[[ Records for the exercise, beginning ]]

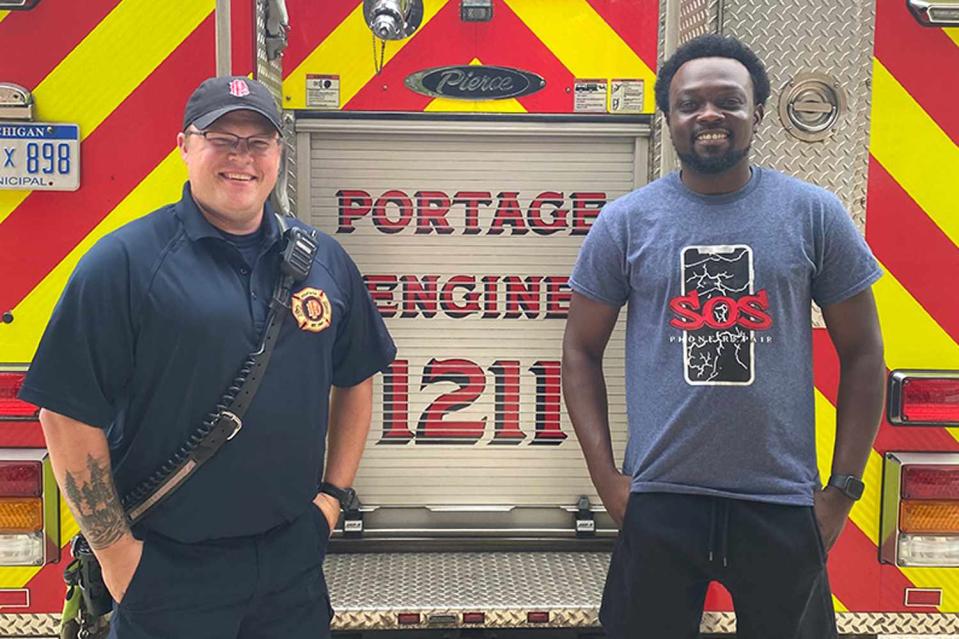 <p>Portage MI Dept of Public Safety - Police & Fire</p> Cedric Figures and a member of the Portage Fire Department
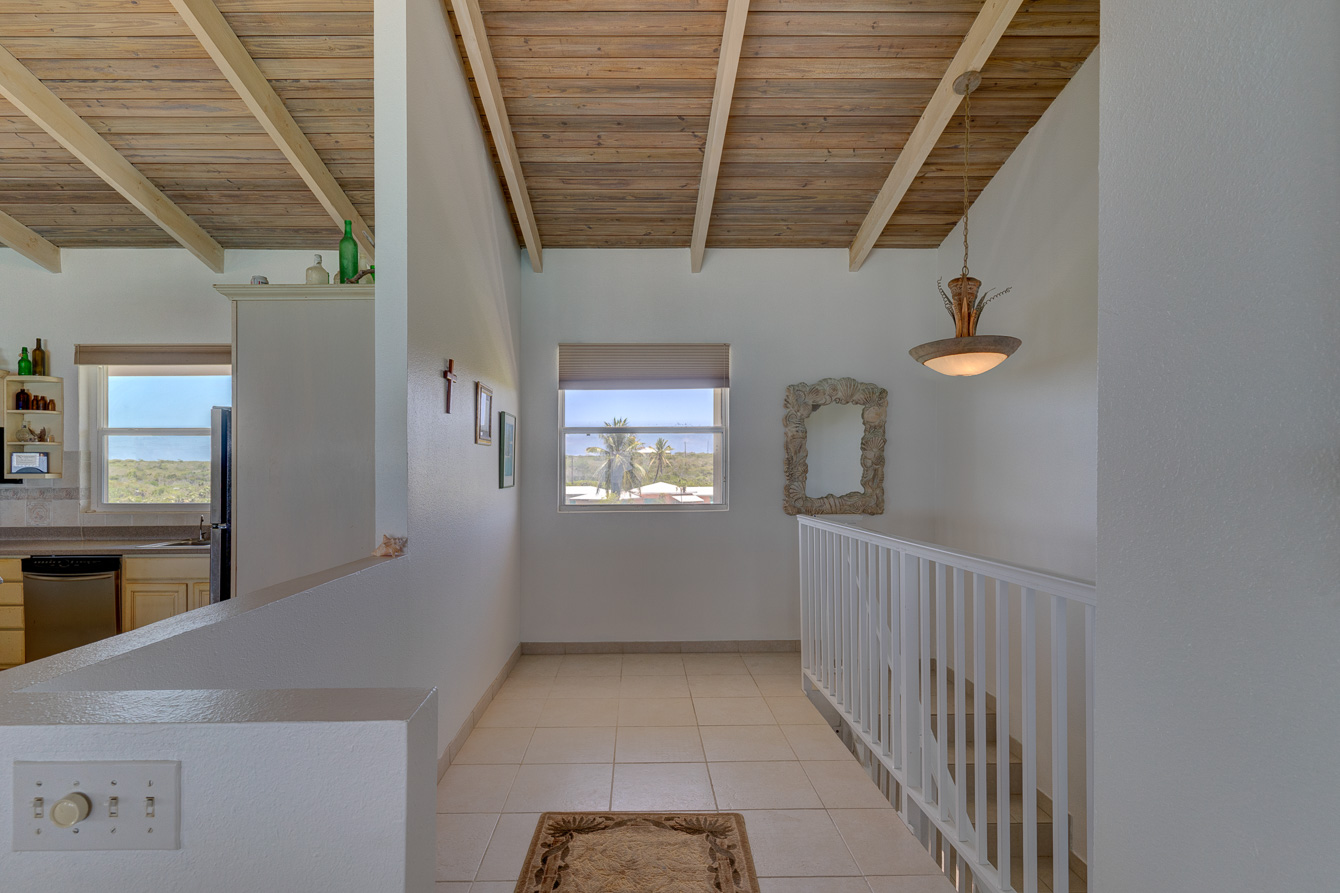 The stairs down to the ground floor at The Family Beach House on San Salvador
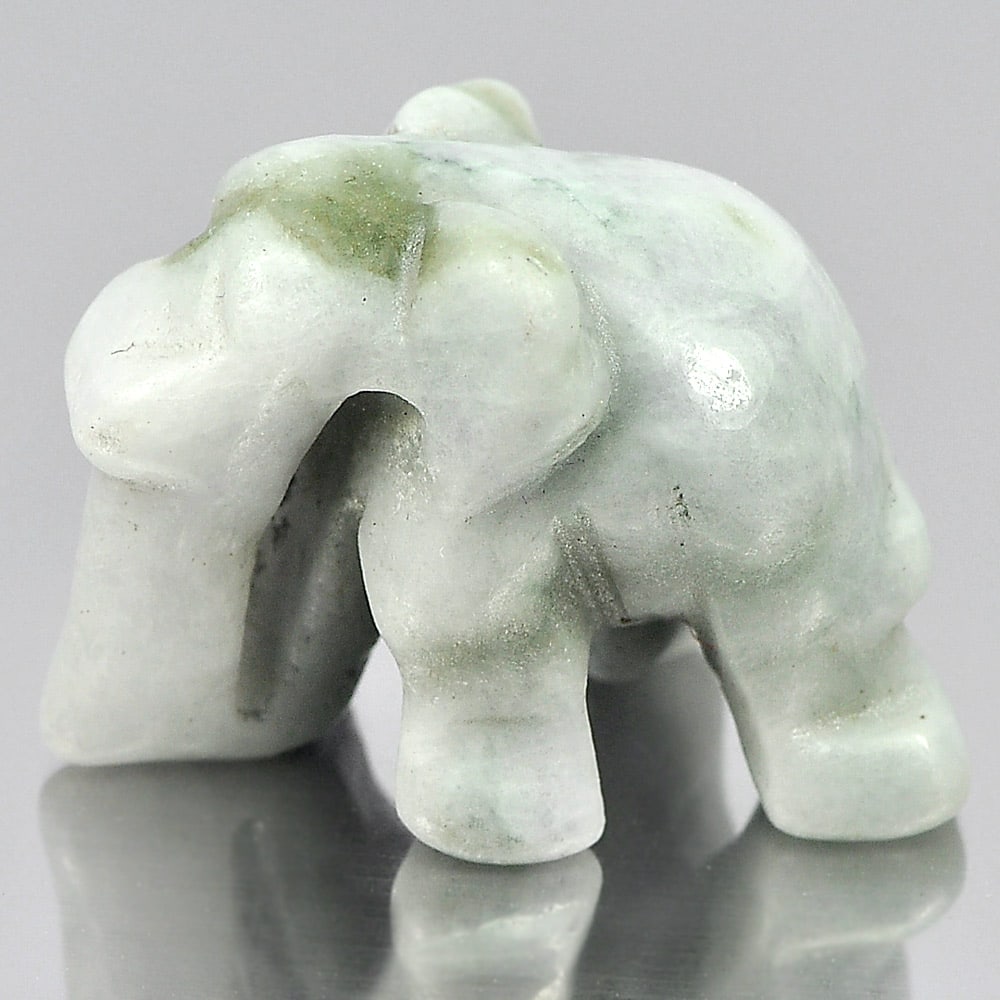 Natural Green White Jade 46.32 Ct. Elephant Carving Shape 25 x 18 Mm. Gemstone From Thailand: Product ID: 819813014 Product Name: Natural Jade Weight: 46.32 CT. Size: 25 x 18 x 15 MM. Shape: Elephant Carving Color: Green Clarity:Opaque Luster: Good Gems Origin: Thailand Treatment: Unheated Cry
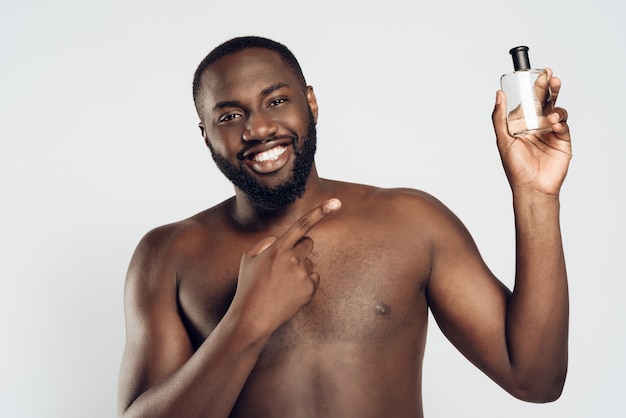 El hombre afroamericano usa loción para después del afeitado. Higiene masculina.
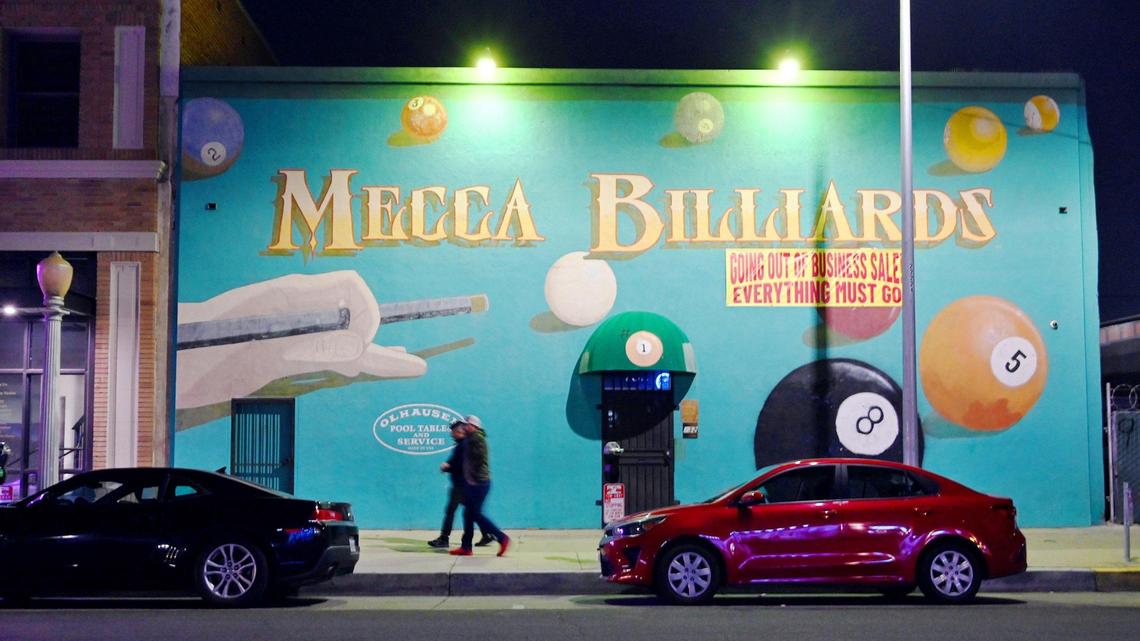 Mecca Billiards is seen at night on Fulton Street in downtown Fresno’s Brewery District, Friday, Feb. 10, 2023. Nanette Stockle, who operated Mecca Billiards with her husband until his death of ALS in February, is selling everything from the store in preparation to lease the building. The mural will remain.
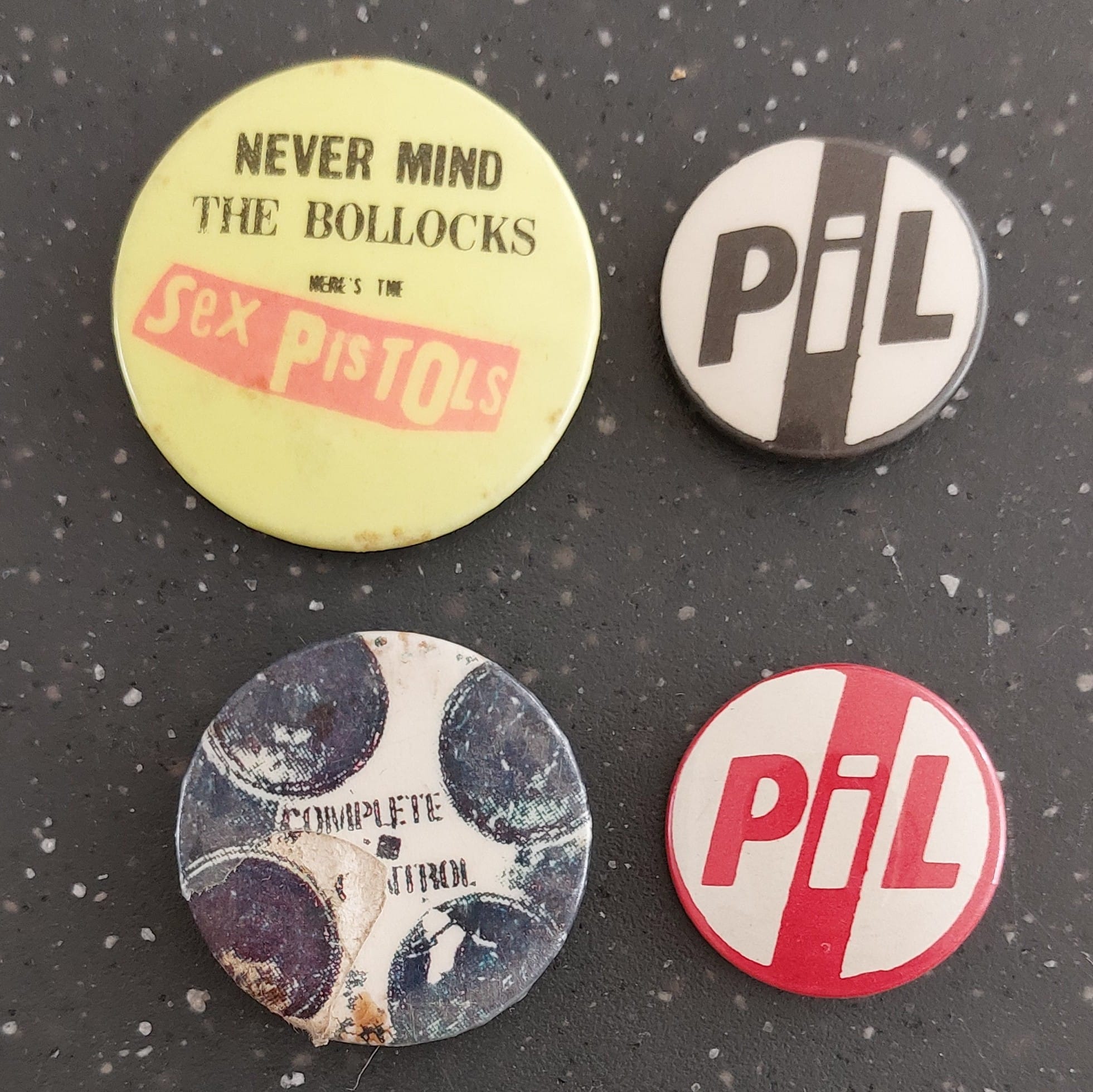 Vintage Sex Pistols and Public Image Ltd buttons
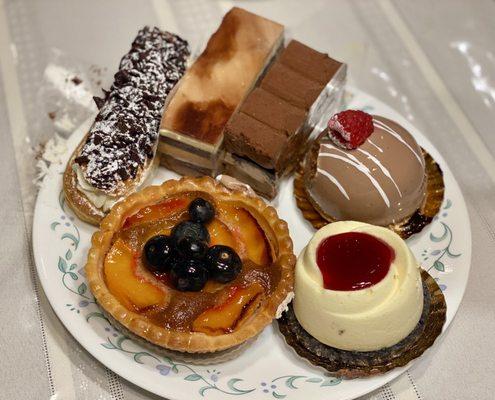 sunflower peach blueberry tart, white chocolate raspberry cheesecake, brasilia, royal chocolate, chocolate trio, vanilla eclair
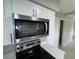 Stainless steel Whirlpool microwave above stainless steel oven and quartz countertops at 6624 Kristin Ct, Orlando, FL 32818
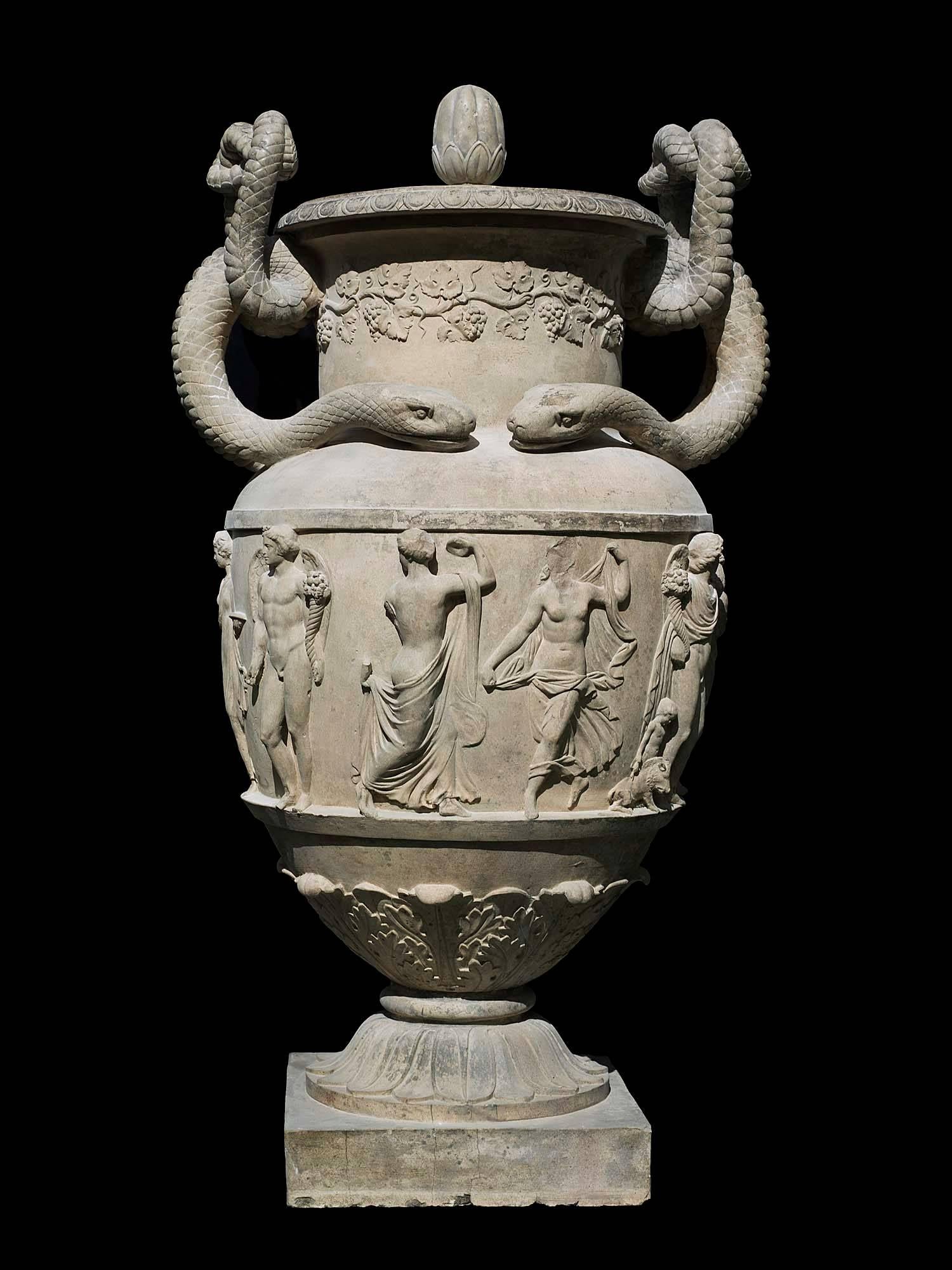 A monumental Regency stoneware urn, in the manner of the antique. This magnificent urn recalls the form of an Ancient Greek krater - a large vessel for mixing wine. The entire urn is dedicated to the God of Wine Bacchus (Dionysus), with a band of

[[ Records for the exercise, end ]]

- [Problem details] Pictures aside, return all the entries above exactly.

- [Answer box]
 <p>Portage MI Dept of Public Safety - Police & Fire</p> Cedric Figures and a member of the Portage Fire Department
 The stairs down to the ground floor at The Family Beach House on San Salvador
 Natural Green White Jade 46.32 Ct. Elephant Carving Shape 25 x 18 Mm. Gemstone From Thailand: Product ID: 819813014 Product Name: Natural Jade Weight: 46.32 CT. Size: 25 x 18 x 15 MM. Shape: Elephant Carving Color: Green Clarity:Opaque Luster: Good Gems Origin: Thailand Treatment: Unheated Cry
 El hombre afroamericano usa loción para después del afeitado. Higiene masculina.
 Mecca Billiards is seen at night on Fulton Street in downtown Fresno’s Brewery District, Friday, Feb. 10, 2023. Nanette Stockle, who operated Mecca Billiards with her husband until his death of ALS in February, is selling everything from the store in preparation to lease the building. The mural will remain.
 Vintage Sex Pistols and Public Image Ltd buttons
 sunflower peach blueberry tart, white chocolate raspberry cheesecake, brasilia, royal chocolate, chocolate trio, vanilla eclair
 Stainless steel Whirlpool microwave above stainless steel oven and quartz countertops at 6624 Kristin Ct, Orlando, FL 32818
 A monumental Regency stoneware urn, in the manner of the antique. This magnificent urn recalls the form of an Ancient Greek krater - a large vessel for mixing wine. The entire urn is dedicated to the God of Wine Bacchus (Dionysus), with a band of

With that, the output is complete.